Junior began as a seed in a cup, which was watered daily under a UV lamp.

When the first “true leaf” grew, Junior was transported to the garden.

After the seedling was put in the garden, Preston said the plant was tended to daily.

The pumpkin took six months to grow to the size it was when it was taken, said Preston.

Using calculations he learned from a pumpkin-growing Web site, Preston calculated the pumpkin’s mass at 458 pounds before it was smashed.

After the vines started growing pumpkins, Preston said the truly tedious work began. On a daily basis, he would stake out every vine, trim them and make sure they were not touching any of the pumpkins.

Toward the end of the grow, Preston said that he actually cut off some of the pumpkins, so all of the plant’s growing would be “directed” to Junior.
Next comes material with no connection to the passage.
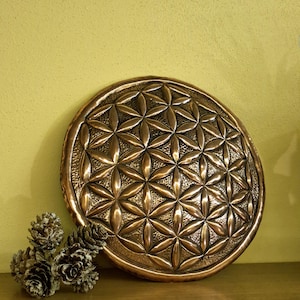 Flower of Life Wall Art - Handcrafted Embossed & Chased Copper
The thief or thieves left three other pumpkins, Preston said, so he was happy that at least his daughters got to keep theirs.

Asked if he would still grow gargantuan pumpkins, Preston said, “right now I don’t want to because I don’t want it to happen again, but maybe if I get a fence up.”

He also talked about what he would do if he found out who had taken and smashed Junior.

“I would tell their dads, then I would make them dig the post-holes for my new fence,” said Preston.

“I don’t want to ruin a kid’s life over smashing pumpkins, even though that would have been felony grand theft,” he said.